> [Aim of the task]: Give the lines below again exactly, starting with the line that holds "Heavy Gold Linen Blooming Saree" and going on through the line that holds "6 Pack Personalized".
+++ Provided records +++
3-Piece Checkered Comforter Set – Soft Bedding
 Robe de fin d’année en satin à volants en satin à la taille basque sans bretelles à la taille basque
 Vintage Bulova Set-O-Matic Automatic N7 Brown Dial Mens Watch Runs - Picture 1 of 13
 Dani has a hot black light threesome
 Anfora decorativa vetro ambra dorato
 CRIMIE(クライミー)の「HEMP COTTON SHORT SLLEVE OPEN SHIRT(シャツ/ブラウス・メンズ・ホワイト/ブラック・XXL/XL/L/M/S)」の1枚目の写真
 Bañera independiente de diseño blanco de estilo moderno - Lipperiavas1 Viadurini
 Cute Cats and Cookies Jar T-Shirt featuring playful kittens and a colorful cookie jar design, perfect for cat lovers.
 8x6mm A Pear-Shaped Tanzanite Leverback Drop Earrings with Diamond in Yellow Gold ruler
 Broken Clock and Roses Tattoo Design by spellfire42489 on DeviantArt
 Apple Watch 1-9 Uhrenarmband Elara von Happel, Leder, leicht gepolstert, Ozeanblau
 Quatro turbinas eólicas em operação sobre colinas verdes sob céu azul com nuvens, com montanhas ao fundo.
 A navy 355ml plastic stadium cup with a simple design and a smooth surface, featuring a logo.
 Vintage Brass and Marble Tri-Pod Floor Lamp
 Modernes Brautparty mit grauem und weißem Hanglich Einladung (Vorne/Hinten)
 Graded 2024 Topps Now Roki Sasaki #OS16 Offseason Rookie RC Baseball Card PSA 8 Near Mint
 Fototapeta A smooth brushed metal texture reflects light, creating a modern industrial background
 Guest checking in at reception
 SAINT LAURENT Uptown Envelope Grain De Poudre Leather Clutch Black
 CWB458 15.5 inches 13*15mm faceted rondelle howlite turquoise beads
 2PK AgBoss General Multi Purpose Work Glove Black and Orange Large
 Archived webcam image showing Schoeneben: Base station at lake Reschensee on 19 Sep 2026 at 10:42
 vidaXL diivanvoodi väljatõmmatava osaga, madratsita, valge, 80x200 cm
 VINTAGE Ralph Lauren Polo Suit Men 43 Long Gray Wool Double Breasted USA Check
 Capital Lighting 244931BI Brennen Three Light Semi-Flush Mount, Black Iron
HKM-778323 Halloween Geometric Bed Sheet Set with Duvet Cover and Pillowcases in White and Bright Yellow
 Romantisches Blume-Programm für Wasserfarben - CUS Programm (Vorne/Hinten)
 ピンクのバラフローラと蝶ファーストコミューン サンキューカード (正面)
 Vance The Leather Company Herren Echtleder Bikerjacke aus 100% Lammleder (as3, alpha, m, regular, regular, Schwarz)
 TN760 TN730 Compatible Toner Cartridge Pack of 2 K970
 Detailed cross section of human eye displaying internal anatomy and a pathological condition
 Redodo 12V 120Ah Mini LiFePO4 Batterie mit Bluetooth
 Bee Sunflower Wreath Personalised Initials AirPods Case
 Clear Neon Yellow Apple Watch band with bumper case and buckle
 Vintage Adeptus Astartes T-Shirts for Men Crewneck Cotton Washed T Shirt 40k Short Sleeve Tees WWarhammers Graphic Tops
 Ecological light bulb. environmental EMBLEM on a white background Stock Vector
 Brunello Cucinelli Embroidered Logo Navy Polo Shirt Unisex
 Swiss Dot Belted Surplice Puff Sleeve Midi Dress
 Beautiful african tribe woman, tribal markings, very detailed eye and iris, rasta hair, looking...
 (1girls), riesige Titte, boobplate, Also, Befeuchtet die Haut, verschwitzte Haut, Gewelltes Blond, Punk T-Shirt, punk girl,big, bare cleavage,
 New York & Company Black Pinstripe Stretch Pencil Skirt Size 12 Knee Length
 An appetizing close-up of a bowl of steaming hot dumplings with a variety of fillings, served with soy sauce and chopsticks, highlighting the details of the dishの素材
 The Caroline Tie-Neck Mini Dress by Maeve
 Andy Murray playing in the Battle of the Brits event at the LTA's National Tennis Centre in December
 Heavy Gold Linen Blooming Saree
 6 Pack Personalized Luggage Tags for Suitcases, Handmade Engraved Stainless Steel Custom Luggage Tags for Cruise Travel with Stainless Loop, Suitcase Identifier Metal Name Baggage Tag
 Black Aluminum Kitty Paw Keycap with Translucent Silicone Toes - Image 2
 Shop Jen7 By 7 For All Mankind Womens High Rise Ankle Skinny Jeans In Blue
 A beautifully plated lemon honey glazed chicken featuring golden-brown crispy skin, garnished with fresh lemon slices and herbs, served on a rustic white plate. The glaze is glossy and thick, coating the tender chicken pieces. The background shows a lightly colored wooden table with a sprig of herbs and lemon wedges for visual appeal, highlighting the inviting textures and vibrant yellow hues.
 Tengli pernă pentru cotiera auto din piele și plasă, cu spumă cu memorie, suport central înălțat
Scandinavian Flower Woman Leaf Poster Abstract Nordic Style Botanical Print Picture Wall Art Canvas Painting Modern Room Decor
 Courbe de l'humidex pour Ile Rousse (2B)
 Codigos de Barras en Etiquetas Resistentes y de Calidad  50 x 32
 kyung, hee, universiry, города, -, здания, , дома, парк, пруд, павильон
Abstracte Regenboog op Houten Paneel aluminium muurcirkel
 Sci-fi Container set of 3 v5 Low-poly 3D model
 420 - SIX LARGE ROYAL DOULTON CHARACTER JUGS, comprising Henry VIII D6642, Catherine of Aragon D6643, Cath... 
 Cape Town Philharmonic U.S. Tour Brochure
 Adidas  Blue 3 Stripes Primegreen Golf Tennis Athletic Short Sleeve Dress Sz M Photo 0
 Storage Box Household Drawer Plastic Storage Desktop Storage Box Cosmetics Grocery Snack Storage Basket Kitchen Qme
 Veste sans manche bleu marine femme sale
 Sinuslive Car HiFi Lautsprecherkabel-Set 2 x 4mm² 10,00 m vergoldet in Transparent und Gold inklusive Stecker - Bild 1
+++
> [Response to this task]:
 Heavy Gold Linen Blooming Saree
 6 Pack Personalized Luggage Tags for Suitcases, Handmade Engraved Stainless Steel Custom Luggage Tags for Cruise Travel with Stainless Loop, Suitcase Identifier Metal Name Baggage Tag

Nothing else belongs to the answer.